In recently discovered documents, it was revealed that days before the attack, Sinwar told his people that an “extraordinary act” was necessary to derail peace talks because it threatened to marginalize the Palestinian cause further.
The Abraham Accords only worked because the U.S. finally bypassed the intractable Palestinians, who have actively stood in the way of every peace agreement in the region since 1947.
“Our Arab brothers have abandoned us,” Palestinians grumbled at the time.
It is true, Arabs have moved on. Israel’s war is now with the jihadi dictatorship of Iran, which has no rational geopolitical reason to be involved in the conflict. The theocratic Iranian state is willing to fight to the last Arab through proxy armies in Yemen, Lebanon, and Gaza. This is why allowing the Twelver Shia extremist mullahs who rule over Iran to get their hands on nuclear weapons is a casus belli for Israel, as it should be for the world.
So Westerners can still debate Israel’s “right to exist,” as if those living in their ancestral homeland, who emerged victorious from three major multiprong attacks from the Arab world, not to mention an endless series of terrorist threats over the past 70 or so years, care. But the chances of Israel not existing are up there with Germany or Mexico not existing. Until Palestinians and their allies come to terms with that reality, there can’t be peace.

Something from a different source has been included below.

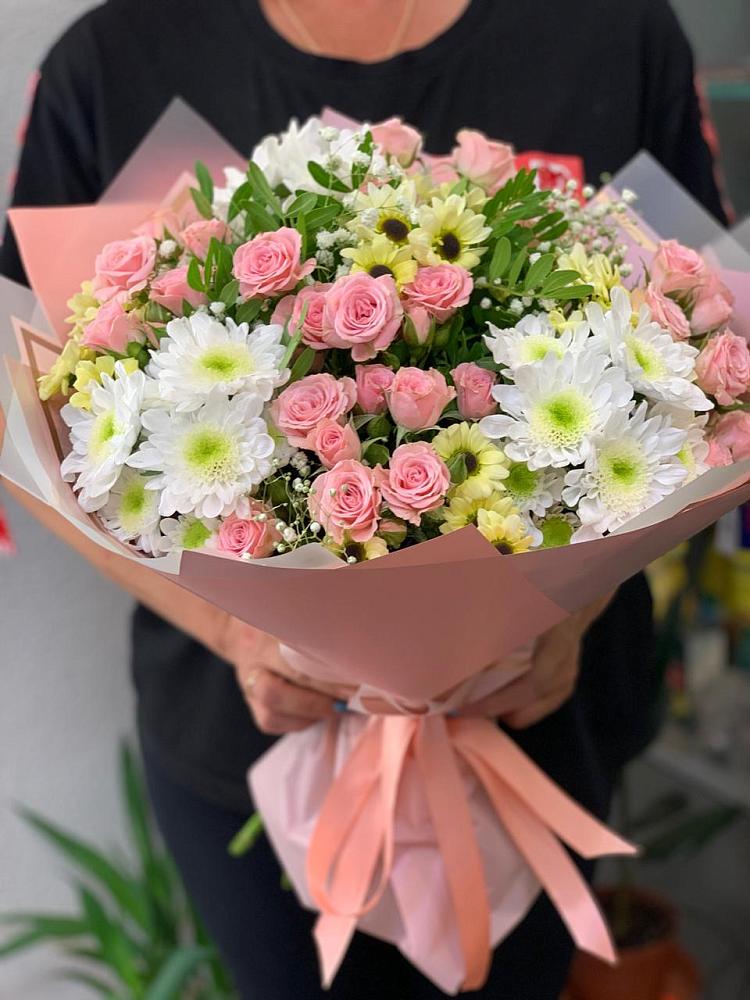 Букет цветов из: Розы и Хризантемы в Комсомольское Чувашия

Now, Israel is not without domestic problems. On some days, the parliamentary system resembles that of a Central American Banana Republic. Yet, in comparison to Egypt, Jordan, Syria, Sudan, and Lebanon, it is a model of stability.
One day soon, the war in Gaza will end, and Israel will continue on its trajectory. The only thing that “pro-Palestinian” protesters who occupy buildings and bully Jews on U.S. campuses are accomplishing is the prolonged sacrifice of civilians. Recall that before Sinwar was eliminated, he told his flock that they “have the Israelis right where we want them” because civilians were “necessary sacrifices” to convince the West to turn on Israel. So, Israel is now finishing an ugly, protracted conflict with a guerrilla army that purposely ensconces itself in the civilian population.
WELCOME TO THE INTIFADA, AMERICA
Hamas is on its last legs. Hezbollah is weakened. Assad is gone.
Those rallying for the destruction of the Jewish state are engaged in a lost cause, and that is comforting.